The bill amends Sections 28-40-1 and 28-41-5 of the General Laws concerning Temporary Disability Insurance, primarily focusing on employee contributions and benefit rates. It raises the taxable wage base for employee contributions from $38,000 to $100,000, ensuring contributions are calculated based on a higher wage threshold. Additionally, a new method for determining the taxable wage base will be established annually, linked to the maximum weekly benefit amount. The employee contribution rate will be based on the fund cost rate, which is calculated from disbursements and taxable wages over specified periods. The bill also revises the weekly benefit rate for temporary disability, introducing a tiered structure that starts at 4.62% and increases to 5.38% and 5.77% for benefit years beginning in 2026 and 2027, respectively. A dependent's allowance is also introduced for eligible individuals, with these changes set to take effect on January 1, 2025.

Additionally, the bill proposes amendments to the Temporary Caregiver Insurance Program, increasing the taxable wage base and modifying the duration of caregiver benefits. The maximum duration of caregiver benefits will rise from eight weeks in 2026 to twelve weeks by 2028. Employees are required to provide a minimum of thirty days' written notice to their employer before taking family leave, with exceptions for unforeseen circumstances.
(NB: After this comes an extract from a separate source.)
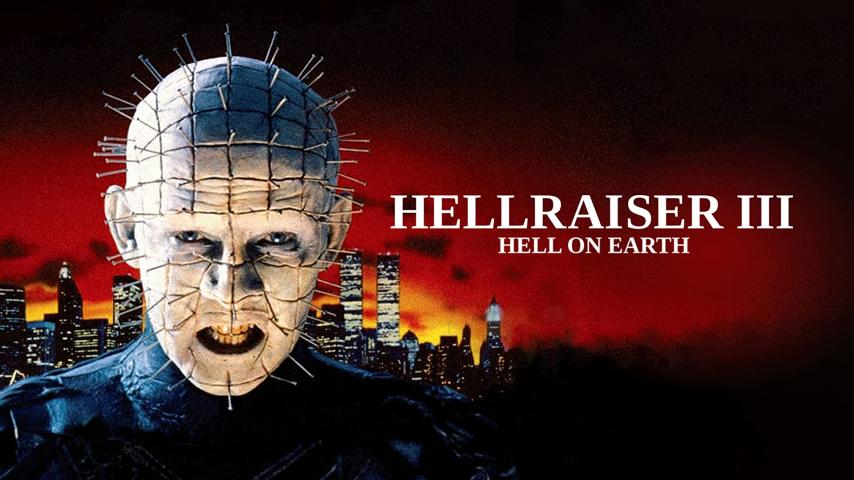 فيلم Hellraiser III: Hell on Earth 1992 مترجم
The bill clarifies that employees cannot claim both temporary caregiver and temporary disability benefits for the same purpose and ensures that those on caregiver leave can return to their previous or an equivalent position, while also mandating the maintenance of health benefits during the leave. These provisions are set to take effect on January 1, 2026, and aim to align with existing federal and state family leave laws.